Amit Bhawani wanted to solve a $100 billion problem that had been vexing business insiders, industry watchers and casual consumers alike. He wanted to get a handle on the e-commerce space in India and understand which of the two stalwarts, Amazon and Flipkart, was doing better. He chose a rather unconventional way to go about this. Instead of poring over balance sheets and decoding graphs with GMV figures, he went straight to the consumer – he set up www.FlipkartVsAmazon.com.
The site’s mission was simple. With an easy user interface, it would allow end consumers to rate rivals Flipkart and Amazon on a host of parameters, such as Overall Service, Website Interface and Products Portfolio, and displayed results side-by-side in real time. It also asked users the simple question, “Where would you shop next?”, and let them vote for the two e-commerce giants.
Soon results started pouring in. As per a screenshot tweeted by Amit 2 days ago, Amazon and Flipkart were neck and neck on user ratings, with Amazon scoring higher on customer service, and Flipkart doing better on the website interface. Flipkart was also leading on the main user poll, with 62% of consumers saying that they would shop next there, as opposed to 38% at Amazon.
But that’s where this experiment ended. Bhawani soon received a legal notice from Flipkart, who said that setting up the site amounted to a “copyright infringement” as he’d used the Flipkart logo and artwork, and the site caused “an enormous likelihood of confusion amongst the relevant section of public connected.”
Not having the stomach for a protracted legal battle with billion-dollar company, Bhawani took the site down.

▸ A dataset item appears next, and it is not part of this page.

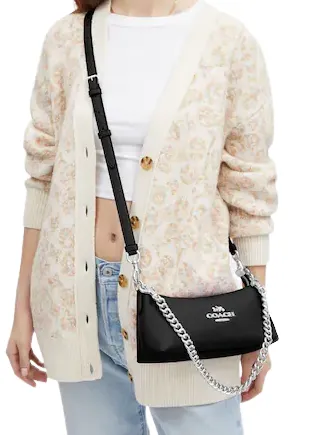 Coach Charlotte Shoulder Bag Coach Bags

Flipkart’s reluctance to have itself rated by a user poll has the potential to set a dangerous precent in the Indian legal arena. User polls are common in the digital space, with users rating movies, phones, and even politicians. Any poll or rating must necessarily involve the use of the relevant logo or a mention of the brand, and this move could have ripple effects into other spheres too.
It might be noted that no such takedown request came from Amazon. Flipkart has been battling it out with Amazon for a slice of India’s ecommerce pie. From being the undisputed market leader in the market around a year ago, 2015 has seen Amazon raise its web traffic three times and is currently snapping at Flipkart’s heels.